Принимая ласку, Бусинка довольно мурчит и, хаотично петляя, трется о мои ноги, а у меня немного кружится голова от резкой смены позы. И от перевернувшегося несколько часов назад вверх тормашками мира.
Пошатываясь, я бреду в ванную. Мою руки и несколько раз плескаю в лицо ледяной водой несмотря на накрашенные тушью ресницы. С отупелым равнодушием замечаю, что снова успела расцарапать запястья — наверное, еще на улице около ЗАГСа. Кожа красная и местами в капельках крови, однако физической боли я не чувствую, даже когда с усиленной сосредоточенностью пытаюсь сфокусироваться на собственных ощущениях.
Ничего. Ни голода, ни жажды, ни дискомфорта. Словно я не живой человек, а мумифицированное чучело.
На полном автопилоте я кормлю Бусинку паштетом и даю лекарства, а после через силу отправляюсь в душ. Грязь сегодняшнего дня нужно смыть.
Вода обжигает — и это первое, что мне удается почувствовать за эти долгие часы. Я стою под душем долго, чуть ли не до потери пульса. Жаркий и влажный воздух застревает в горле, я начинаю задыхаться. Выбираться из ванной приходится с трудом.
В теле — неподъемная тяжесть. Веки слипаются, хотя за окном едва начинает смеркаться. Из последних сил я раскладываю потрепанный временем диван и забираюсь под одеяло. Бусинка запрыгивает следом за мной и принимается мять лапами край подушки. Я зажмуриваюсь и отключаюсь под ее тихое мурлыканье.
Мне снится авария. Полуправда — полуложь. Сотканная из реальности и фантазий пыточная иллюзия.

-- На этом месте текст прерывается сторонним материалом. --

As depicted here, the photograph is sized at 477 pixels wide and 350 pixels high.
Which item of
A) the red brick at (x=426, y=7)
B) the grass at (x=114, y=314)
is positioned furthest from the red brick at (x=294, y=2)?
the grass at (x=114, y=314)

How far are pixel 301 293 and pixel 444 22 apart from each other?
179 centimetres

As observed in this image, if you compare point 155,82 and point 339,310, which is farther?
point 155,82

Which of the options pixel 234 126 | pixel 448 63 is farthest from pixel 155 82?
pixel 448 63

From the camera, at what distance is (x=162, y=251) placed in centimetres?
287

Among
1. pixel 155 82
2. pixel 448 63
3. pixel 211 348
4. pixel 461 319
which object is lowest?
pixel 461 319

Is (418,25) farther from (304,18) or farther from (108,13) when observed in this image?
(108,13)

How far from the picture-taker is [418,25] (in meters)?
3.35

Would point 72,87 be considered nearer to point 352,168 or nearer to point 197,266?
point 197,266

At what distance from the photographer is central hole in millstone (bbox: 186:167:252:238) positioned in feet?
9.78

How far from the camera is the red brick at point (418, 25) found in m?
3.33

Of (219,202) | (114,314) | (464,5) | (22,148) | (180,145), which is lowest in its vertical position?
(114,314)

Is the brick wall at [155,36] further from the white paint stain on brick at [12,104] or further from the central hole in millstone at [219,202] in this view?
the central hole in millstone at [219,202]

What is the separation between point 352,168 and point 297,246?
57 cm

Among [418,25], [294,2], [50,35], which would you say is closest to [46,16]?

Как и тогда, я сажусь за руль и нервно вздыхаю, прежде чем выехать с парковки на дорогу. Мандраж новичка, лишь недавно получившего права, накрывает меня каждый раз.
Водила я крайне аккуратно. Настолько, что сопровождавшая меня всюду охрана не удерживалась от шуток: привыкшим к опасности мужикам доставляло мало удовольствия плестись за мной на черепашьей скорости. Я, однако, на их уговоры прибавить газу не поддавалась: зима, на дороге непонятно что, а у меня почти не опыта.

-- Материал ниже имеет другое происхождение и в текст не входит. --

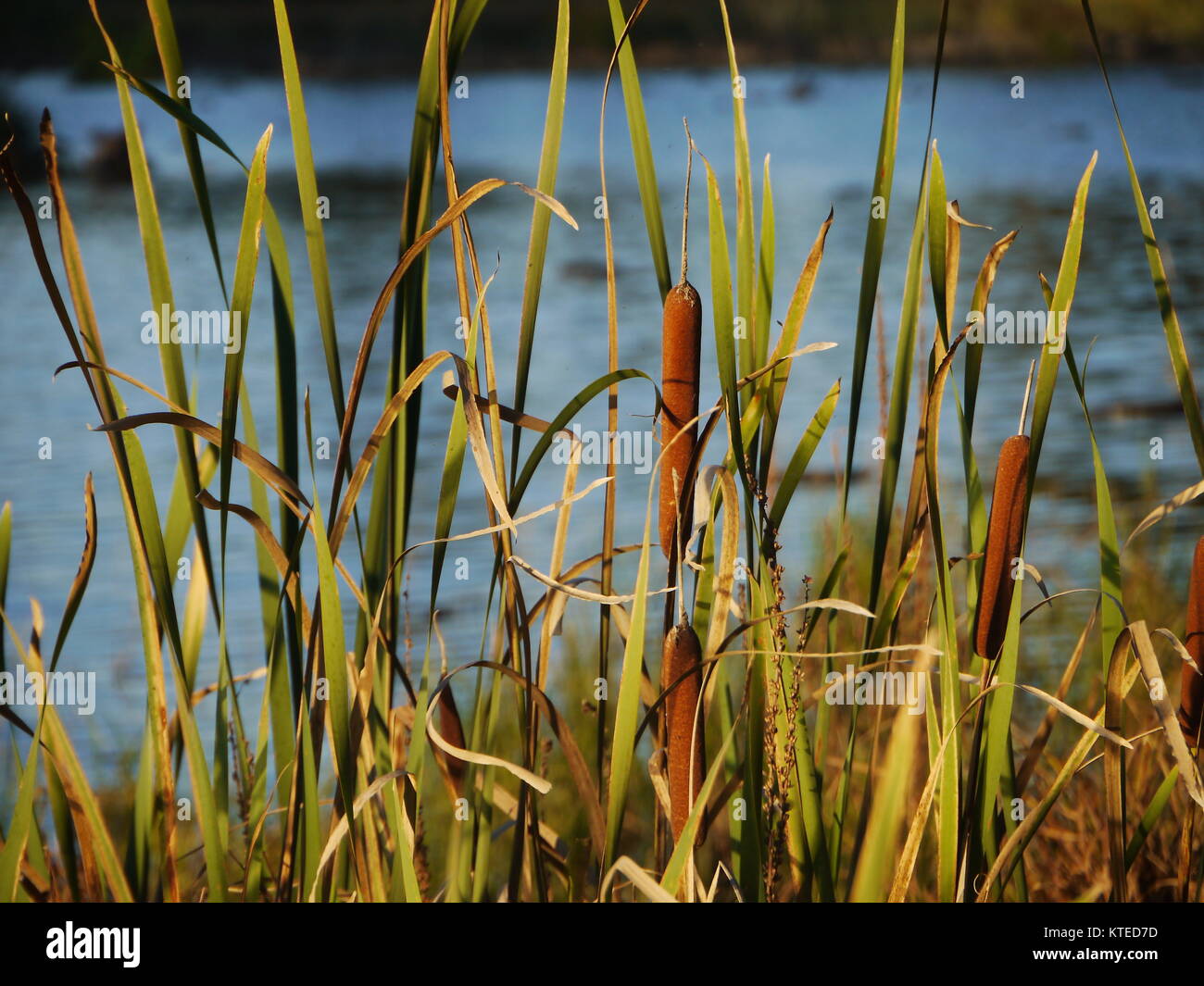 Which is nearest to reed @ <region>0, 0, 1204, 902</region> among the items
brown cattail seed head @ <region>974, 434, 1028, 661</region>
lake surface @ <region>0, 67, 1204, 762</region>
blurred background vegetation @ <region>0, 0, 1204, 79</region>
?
brown cattail seed head @ <region>974, 434, 1028, 661</region>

Однако во сне что-то меняется. Без всякой причины я вдруг решаю погонять. Набираю запредельную скорость и несусь по дороге, наплевав на оживленное движение и гололед.
На улице огромными хлопьями падает снег, видимость отвратительная, а я смеюсь, будто сумасшедшая, и мчусь по белоснежному полотну. Водители кричат мне вслед, десятки гневных гудков сливаются в единый возмущенно-предупредительный вопль. Мою машину внезапно и резко заносит на повороте, и я теряю управление.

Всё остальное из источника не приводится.